[MCOL-1289] Python bulk load is slower than expected Created: 2018-03-21  Updated: 2023-10-26  Resolved: 2021-07-08

Status: Closed
Project: MariaDB ColumnStore
Component/s: None
Affects Version/s: None
Fix Version/s: N/A, 1.4.5

Type: Bug Priority: Major
Reporter: Geoff Montee (Inactive) Assignee: Unassigned
Resolution: Won't Do Votes: 0
Labels: None

Issue Links:
Relates
relates to MCOL-808 mcsapi needs to use async write calls. Closed
Sprint: 2018-07, 2018-08, 2018-09, 2018-10, 2018-11, 2018-12, 2018-13, 2018-14, 2018-15, 2018-16, 2018-17, 2018-18, 2018-19, 2018-20, 2018-21, 2019-01, 2019-02, 2019-03, 2019-04

 Description   

A user has reported that bulk loading data with the Python API is slower than expected. He said that neither the network nor the WriteEngine seem to be the bottleneck, so he suspects that performance can be improved.
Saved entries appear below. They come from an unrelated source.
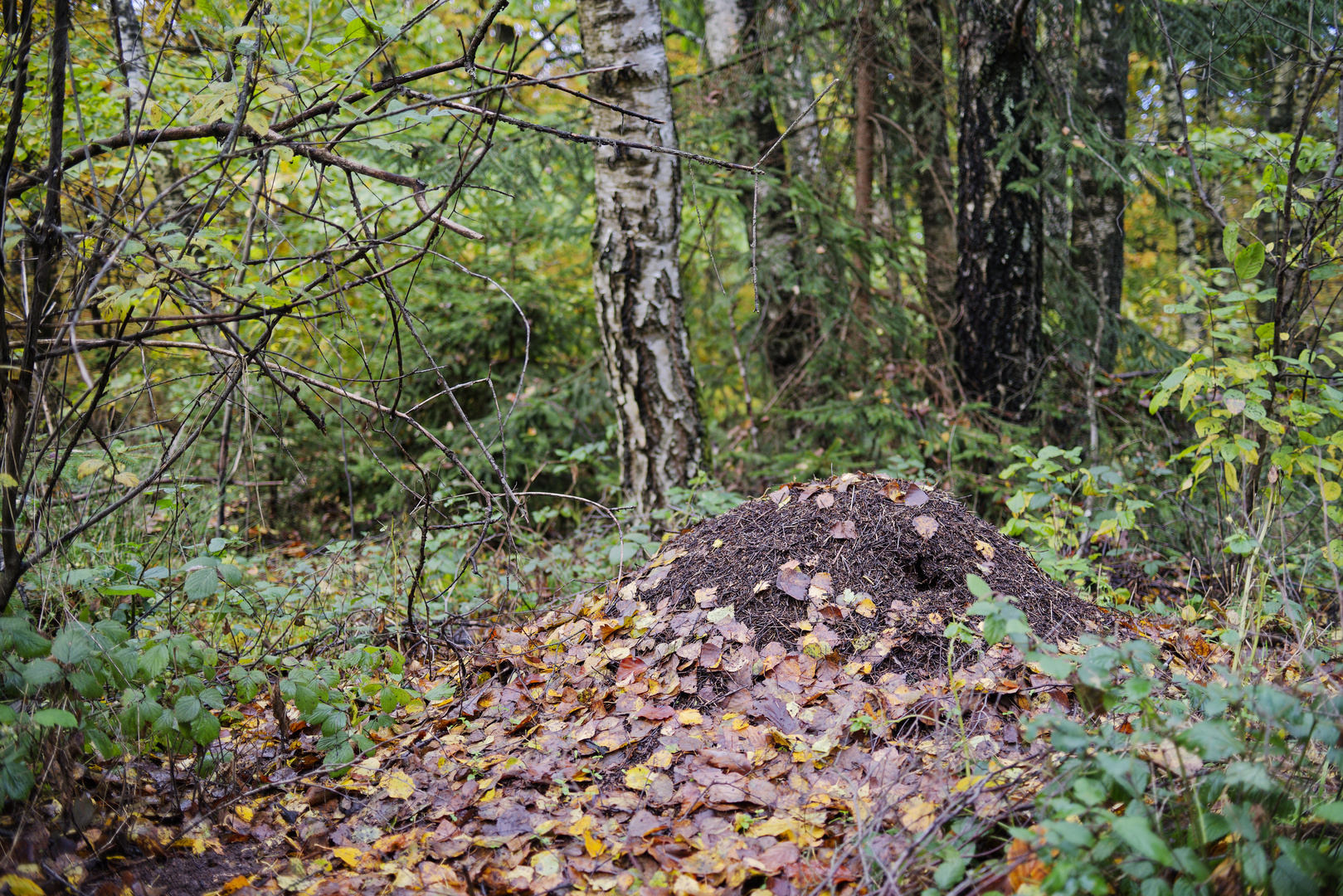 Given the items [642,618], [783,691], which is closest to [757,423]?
[642,618]

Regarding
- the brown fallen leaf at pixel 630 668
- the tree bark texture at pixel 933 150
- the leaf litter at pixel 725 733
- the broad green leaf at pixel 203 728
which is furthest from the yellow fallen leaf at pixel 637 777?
the tree bark texture at pixel 933 150

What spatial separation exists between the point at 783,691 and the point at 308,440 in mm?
6233

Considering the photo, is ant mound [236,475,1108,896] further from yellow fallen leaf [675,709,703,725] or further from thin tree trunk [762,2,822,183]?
thin tree trunk [762,2,822,183]

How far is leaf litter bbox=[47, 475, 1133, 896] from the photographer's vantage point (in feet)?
6.21

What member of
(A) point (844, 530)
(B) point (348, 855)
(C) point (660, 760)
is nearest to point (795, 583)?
(A) point (844, 530)

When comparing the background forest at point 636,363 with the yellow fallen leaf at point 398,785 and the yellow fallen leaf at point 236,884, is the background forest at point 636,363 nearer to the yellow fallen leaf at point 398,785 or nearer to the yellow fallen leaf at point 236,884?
the yellow fallen leaf at point 398,785

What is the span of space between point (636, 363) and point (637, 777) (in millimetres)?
2798

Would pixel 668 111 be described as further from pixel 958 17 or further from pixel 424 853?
pixel 424 853

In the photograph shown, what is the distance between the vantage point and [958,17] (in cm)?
538

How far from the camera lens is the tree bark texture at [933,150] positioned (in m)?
6.37

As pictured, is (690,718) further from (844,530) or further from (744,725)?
(844,530)

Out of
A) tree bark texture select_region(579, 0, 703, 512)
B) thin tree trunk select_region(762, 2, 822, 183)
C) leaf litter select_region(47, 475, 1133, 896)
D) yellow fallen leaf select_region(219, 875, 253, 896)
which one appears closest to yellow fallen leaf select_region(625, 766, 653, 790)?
leaf litter select_region(47, 475, 1133, 896)

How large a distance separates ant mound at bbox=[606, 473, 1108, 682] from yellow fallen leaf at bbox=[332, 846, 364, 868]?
1222mm

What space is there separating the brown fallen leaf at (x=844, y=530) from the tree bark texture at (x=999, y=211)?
2.96 metres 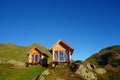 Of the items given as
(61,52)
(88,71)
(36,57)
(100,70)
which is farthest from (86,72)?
(36,57)

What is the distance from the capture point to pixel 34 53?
6150 centimetres

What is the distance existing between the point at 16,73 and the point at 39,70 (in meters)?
5.55

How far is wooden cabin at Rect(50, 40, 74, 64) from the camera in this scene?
179ft

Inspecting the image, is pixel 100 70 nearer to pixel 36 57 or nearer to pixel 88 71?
pixel 88 71

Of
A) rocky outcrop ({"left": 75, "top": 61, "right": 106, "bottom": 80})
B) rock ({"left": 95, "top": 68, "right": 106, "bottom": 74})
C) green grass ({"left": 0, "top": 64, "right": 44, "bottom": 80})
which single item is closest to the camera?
rocky outcrop ({"left": 75, "top": 61, "right": 106, "bottom": 80})

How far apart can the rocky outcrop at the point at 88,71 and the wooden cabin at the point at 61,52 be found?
1054cm

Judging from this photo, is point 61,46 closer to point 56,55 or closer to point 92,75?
point 56,55

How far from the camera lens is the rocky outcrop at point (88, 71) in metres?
40.7

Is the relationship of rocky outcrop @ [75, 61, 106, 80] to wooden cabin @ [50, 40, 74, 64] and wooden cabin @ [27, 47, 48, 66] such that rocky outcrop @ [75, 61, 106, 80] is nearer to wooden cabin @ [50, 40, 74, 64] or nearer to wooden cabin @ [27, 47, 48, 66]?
wooden cabin @ [50, 40, 74, 64]

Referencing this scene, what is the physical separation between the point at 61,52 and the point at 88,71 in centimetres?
1521

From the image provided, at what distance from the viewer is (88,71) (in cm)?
4178

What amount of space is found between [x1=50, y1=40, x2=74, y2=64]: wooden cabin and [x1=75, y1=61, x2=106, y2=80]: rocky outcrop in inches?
415

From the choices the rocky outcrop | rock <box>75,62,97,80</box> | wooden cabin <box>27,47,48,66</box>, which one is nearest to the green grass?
rock <box>75,62,97,80</box>

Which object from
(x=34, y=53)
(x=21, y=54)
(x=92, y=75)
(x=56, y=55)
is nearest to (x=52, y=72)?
(x=92, y=75) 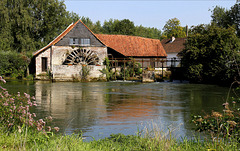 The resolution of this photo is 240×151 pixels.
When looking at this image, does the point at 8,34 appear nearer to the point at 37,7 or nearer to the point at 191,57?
the point at 37,7

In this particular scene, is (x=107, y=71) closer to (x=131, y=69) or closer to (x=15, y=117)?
(x=131, y=69)

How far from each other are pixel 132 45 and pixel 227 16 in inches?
1134

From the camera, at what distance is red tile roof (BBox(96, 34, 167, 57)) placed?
53.6m

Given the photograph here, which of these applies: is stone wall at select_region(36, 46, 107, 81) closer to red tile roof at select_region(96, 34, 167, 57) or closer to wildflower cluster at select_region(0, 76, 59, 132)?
red tile roof at select_region(96, 34, 167, 57)

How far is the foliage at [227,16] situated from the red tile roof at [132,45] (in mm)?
19331

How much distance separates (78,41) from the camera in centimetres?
4828

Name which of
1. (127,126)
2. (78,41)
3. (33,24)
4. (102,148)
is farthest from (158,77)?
(102,148)

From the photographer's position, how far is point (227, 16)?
7269 cm

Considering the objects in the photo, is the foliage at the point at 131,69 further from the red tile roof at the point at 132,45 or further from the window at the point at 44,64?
the window at the point at 44,64

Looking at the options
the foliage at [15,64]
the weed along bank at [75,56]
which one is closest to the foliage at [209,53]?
the weed along bank at [75,56]

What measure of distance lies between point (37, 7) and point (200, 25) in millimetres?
33478

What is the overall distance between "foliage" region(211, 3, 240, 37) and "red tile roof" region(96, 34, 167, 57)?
19.3 m

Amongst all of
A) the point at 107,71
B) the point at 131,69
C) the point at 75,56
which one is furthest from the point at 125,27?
the point at 107,71

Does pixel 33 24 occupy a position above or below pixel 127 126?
above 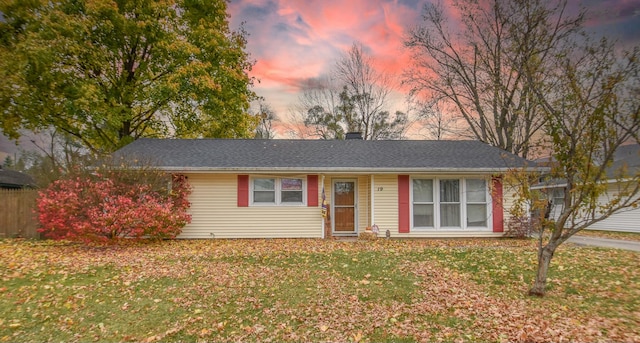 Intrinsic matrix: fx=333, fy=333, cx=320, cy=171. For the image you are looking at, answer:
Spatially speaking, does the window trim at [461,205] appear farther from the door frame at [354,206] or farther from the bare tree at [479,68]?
the bare tree at [479,68]

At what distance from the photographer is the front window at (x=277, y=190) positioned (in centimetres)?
1189

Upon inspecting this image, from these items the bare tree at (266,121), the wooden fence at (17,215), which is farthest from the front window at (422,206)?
the bare tree at (266,121)

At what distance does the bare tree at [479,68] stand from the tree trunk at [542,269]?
14283 millimetres

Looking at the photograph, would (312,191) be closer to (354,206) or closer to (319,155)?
(319,155)

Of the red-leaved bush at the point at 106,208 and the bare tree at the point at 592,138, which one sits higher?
the bare tree at the point at 592,138

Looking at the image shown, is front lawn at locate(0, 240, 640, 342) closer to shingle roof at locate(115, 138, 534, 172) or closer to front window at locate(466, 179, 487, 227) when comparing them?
front window at locate(466, 179, 487, 227)

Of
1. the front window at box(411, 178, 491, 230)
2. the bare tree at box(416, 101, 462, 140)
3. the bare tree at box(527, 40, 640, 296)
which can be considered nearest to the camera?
the bare tree at box(527, 40, 640, 296)

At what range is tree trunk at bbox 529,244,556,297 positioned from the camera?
17.6ft

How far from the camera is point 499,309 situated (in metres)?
4.98

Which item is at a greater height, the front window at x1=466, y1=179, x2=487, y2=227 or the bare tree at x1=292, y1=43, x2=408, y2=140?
the bare tree at x1=292, y1=43, x2=408, y2=140

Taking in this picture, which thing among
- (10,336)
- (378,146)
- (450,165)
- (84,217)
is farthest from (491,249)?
(84,217)

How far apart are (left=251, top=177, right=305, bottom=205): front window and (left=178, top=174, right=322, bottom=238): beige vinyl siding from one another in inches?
9.9

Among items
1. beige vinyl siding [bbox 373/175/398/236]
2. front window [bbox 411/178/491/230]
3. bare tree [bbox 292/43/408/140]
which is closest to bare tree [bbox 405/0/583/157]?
bare tree [bbox 292/43/408/140]

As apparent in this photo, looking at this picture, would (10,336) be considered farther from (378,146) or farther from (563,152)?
(378,146) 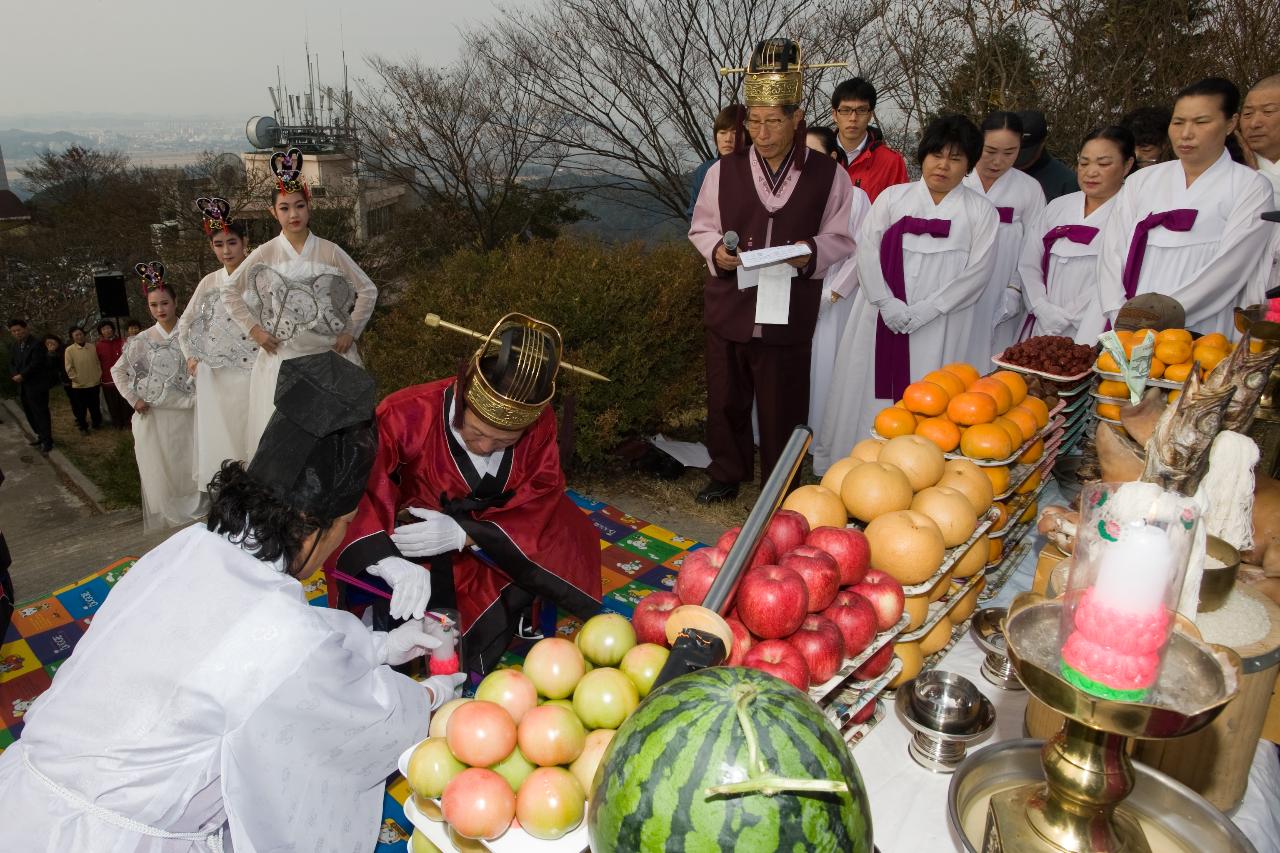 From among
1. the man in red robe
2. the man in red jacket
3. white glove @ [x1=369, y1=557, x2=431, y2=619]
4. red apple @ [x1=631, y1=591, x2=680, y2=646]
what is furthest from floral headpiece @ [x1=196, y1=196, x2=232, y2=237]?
red apple @ [x1=631, y1=591, x2=680, y2=646]

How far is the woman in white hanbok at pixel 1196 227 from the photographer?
418 cm

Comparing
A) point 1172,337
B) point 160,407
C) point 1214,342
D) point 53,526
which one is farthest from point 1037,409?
point 53,526

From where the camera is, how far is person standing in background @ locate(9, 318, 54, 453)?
1015 cm

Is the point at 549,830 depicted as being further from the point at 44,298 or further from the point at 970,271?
the point at 44,298

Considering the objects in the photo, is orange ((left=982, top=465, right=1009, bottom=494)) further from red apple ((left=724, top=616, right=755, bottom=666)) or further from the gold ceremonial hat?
the gold ceremonial hat

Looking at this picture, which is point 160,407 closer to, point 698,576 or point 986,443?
point 698,576

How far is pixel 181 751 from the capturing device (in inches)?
66.5

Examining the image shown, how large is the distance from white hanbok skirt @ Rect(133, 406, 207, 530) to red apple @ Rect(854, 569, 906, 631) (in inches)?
226

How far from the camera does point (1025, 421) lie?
107 inches

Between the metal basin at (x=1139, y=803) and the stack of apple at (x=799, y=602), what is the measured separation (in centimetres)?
32

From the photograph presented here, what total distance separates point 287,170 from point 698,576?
484cm

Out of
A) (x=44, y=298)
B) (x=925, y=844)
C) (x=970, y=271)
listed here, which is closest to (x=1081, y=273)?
(x=970, y=271)

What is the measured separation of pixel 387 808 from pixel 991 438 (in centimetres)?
247

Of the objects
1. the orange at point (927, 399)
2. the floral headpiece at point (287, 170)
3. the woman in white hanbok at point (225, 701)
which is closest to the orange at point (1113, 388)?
the orange at point (927, 399)
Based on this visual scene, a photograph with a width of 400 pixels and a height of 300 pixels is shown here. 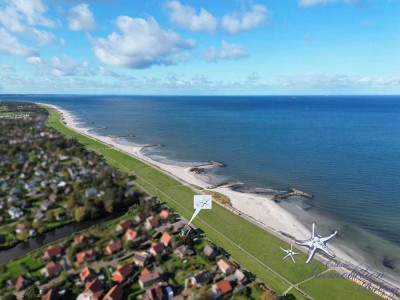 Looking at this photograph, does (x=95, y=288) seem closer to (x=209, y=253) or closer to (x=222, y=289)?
(x=222, y=289)

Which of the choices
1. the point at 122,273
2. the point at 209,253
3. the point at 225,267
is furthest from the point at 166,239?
the point at 225,267

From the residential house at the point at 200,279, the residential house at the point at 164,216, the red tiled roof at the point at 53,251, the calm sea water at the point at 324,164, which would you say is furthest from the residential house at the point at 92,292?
the calm sea water at the point at 324,164

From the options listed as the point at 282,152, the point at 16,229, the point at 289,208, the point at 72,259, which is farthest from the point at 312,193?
the point at 16,229

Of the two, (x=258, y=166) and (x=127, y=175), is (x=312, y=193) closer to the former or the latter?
(x=258, y=166)

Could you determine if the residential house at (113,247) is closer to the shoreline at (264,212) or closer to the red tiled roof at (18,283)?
the red tiled roof at (18,283) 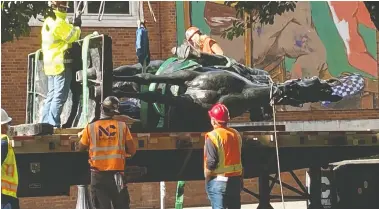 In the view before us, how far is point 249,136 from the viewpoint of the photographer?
10008mm

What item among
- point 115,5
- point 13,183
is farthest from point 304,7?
point 13,183

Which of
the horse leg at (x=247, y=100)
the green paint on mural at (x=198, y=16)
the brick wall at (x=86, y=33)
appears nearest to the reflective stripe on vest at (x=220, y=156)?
the horse leg at (x=247, y=100)

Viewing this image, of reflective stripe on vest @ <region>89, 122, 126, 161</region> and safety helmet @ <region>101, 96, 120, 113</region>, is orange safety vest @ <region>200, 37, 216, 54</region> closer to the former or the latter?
safety helmet @ <region>101, 96, 120, 113</region>

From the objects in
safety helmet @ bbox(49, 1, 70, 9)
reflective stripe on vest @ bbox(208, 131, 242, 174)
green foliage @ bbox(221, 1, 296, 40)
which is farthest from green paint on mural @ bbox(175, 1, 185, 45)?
reflective stripe on vest @ bbox(208, 131, 242, 174)

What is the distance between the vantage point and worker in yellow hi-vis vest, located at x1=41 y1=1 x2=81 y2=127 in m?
10.5

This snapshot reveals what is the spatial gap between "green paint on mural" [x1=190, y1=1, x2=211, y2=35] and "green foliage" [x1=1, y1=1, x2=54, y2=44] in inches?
371

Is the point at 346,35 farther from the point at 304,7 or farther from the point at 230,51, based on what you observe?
the point at 230,51

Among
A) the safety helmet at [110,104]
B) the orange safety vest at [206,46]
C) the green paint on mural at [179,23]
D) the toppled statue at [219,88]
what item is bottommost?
the safety helmet at [110,104]

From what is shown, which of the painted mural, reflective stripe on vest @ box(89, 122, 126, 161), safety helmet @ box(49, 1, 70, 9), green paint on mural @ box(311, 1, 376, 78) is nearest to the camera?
reflective stripe on vest @ box(89, 122, 126, 161)

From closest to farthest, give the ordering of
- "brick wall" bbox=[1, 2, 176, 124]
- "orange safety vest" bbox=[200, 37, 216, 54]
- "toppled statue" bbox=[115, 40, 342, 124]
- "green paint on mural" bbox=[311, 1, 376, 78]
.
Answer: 1. "toppled statue" bbox=[115, 40, 342, 124]
2. "orange safety vest" bbox=[200, 37, 216, 54]
3. "brick wall" bbox=[1, 2, 176, 124]
4. "green paint on mural" bbox=[311, 1, 376, 78]

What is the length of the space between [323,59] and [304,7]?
123 centimetres

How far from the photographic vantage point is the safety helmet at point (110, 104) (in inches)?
341

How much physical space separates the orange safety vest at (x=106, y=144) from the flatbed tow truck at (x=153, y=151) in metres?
0.40

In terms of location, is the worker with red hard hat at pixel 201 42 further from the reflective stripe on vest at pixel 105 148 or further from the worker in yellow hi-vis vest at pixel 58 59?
the reflective stripe on vest at pixel 105 148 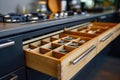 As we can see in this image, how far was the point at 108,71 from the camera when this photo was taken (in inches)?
74.5

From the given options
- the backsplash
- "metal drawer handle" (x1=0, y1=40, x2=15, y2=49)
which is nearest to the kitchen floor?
the backsplash

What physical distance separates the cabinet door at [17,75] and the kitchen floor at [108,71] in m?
1.04

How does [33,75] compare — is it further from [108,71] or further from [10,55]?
[108,71]

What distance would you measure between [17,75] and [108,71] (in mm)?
A: 1427

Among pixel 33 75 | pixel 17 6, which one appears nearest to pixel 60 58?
pixel 33 75

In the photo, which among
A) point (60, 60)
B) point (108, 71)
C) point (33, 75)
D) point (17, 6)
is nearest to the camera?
point (60, 60)

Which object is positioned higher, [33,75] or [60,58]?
[60,58]

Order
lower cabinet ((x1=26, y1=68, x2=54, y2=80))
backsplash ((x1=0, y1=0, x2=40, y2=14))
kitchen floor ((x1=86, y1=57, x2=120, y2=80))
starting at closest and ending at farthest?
lower cabinet ((x1=26, y1=68, x2=54, y2=80)), backsplash ((x1=0, y1=0, x2=40, y2=14)), kitchen floor ((x1=86, y1=57, x2=120, y2=80))

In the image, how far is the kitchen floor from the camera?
1.73m

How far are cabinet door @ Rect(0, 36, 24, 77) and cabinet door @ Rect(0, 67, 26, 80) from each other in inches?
0.8

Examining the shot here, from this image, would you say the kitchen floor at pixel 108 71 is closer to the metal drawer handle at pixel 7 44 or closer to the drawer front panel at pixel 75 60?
the drawer front panel at pixel 75 60

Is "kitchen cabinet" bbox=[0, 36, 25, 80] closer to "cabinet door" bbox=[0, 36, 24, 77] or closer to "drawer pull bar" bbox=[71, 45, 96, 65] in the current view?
"cabinet door" bbox=[0, 36, 24, 77]

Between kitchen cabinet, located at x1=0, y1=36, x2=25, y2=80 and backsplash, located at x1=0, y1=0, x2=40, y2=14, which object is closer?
kitchen cabinet, located at x1=0, y1=36, x2=25, y2=80

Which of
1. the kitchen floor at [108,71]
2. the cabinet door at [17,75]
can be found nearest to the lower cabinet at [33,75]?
the cabinet door at [17,75] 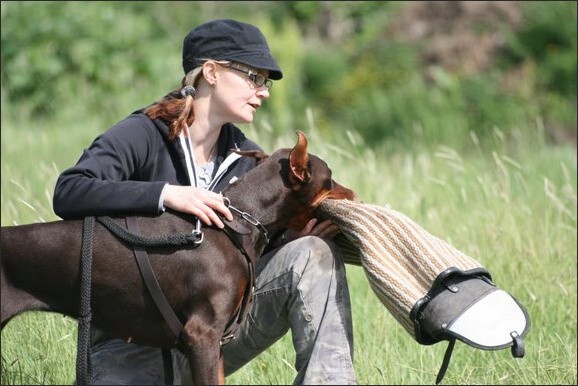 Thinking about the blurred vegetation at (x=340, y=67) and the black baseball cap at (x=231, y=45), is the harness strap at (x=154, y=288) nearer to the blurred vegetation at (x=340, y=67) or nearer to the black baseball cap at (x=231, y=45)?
the black baseball cap at (x=231, y=45)

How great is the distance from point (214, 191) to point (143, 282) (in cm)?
53

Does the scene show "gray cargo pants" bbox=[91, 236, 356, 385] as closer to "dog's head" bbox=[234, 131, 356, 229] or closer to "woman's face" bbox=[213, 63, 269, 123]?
"dog's head" bbox=[234, 131, 356, 229]

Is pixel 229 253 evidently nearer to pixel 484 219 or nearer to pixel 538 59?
pixel 484 219

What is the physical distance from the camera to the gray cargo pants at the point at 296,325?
3395 mm

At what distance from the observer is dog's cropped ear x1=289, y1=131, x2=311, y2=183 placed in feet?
11.2

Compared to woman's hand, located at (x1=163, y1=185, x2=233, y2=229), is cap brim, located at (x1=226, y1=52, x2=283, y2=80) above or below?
above

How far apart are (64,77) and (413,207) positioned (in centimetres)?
601

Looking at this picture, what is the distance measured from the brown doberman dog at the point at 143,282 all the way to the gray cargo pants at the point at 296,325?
173 millimetres

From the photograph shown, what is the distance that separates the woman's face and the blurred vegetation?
4.47 metres

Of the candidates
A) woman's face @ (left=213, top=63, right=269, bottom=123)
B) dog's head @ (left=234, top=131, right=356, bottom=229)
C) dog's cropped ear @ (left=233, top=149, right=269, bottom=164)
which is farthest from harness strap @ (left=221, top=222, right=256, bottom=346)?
woman's face @ (left=213, top=63, right=269, bottom=123)

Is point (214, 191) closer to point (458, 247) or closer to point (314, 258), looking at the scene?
point (314, 258)

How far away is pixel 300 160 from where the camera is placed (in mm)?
3449

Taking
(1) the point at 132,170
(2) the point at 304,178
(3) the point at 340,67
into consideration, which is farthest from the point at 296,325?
(3) the point at 340,67

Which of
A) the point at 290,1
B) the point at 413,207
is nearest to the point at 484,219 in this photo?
the point at 413,207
One suggestion provided was to have some functions in the Python API where he could pass the data already formatted for the table, and then have all the setColumn calls and data casting performed in the underlying C API instead of Python. He suspects that this would probably help to speed up the load process.



 Comments   
Comment by Andrew Hutchings (Inactive) [ 2018-03-21 ]

MCOL-808 will improve the situation quite a bit. I've linked that as a related issue.

Comment by Andrew Hutchings (Inactive) [ 2018-03-22 ]

This has been assigned and set to a sprint to be investigated where the bottleneck is before we look into where we can make improvements.

Comment by Jens Röwekamp (Inactive) [ 2018-03-24 ]

								Time to ingest 5000000 rows
 
				local				remote
Python 2, Swig 3.0.13:		193.642560334s		178.118374129s
Python 3, Swig 3.0.13:		385.190170498s		386.924084597s
 
Python 2, Swig 2.0.10:		198.347457877s		202.099096384s
Python 3, Swig 2.0.10:		395.491980514s		406.624436263s

Benchmarked on my laptop local machine CentOS 7 CS 1.1.3-2, remote machine Debian 9 CS 1.1.3-1

Comment by Jens Röwekamp (Inactive) [ 2018-04-03 ]

One reason why Python 3 is slower than Python 2 is that

_pymcsapi.ColumnStoreBulkInsert_setColumn,
_pymcsapi.ColumnStoreBulkInsert_writeRow,
_pymcsapi.ColumnStoreBulkInsert_seNull, and
_pymcsapi.ColumnStoreBulkInsert_resetRow are

calling pymcsapi.ColumnStoreBulkInsert._setattr_ which triggers _swig_setattr()

_pymcsapi compiled for Python 2 doesn't show this behaviour.

The optional Swig flag -py3 didn't help either.

Callgrind logs added to the log files.

-------------------------------------------------------------------------------------------

A general injection increase from about 34% for Python 2 and 29% for Python 3 was observed when renaming overloaded functions ColumnStoreBulkInsert.setColumn() into unique functions (e.g. ColumnStoreBulkInsert.setColumn_int32()).

Verified on the example of setColumn_int32().

Generated at Thu Feb 08 02:27:38 UTC 2024 using Jira 8.20.16#820016-sha1:9d11dbea5f4be3d4cc21f03a88dd11d8c8687422.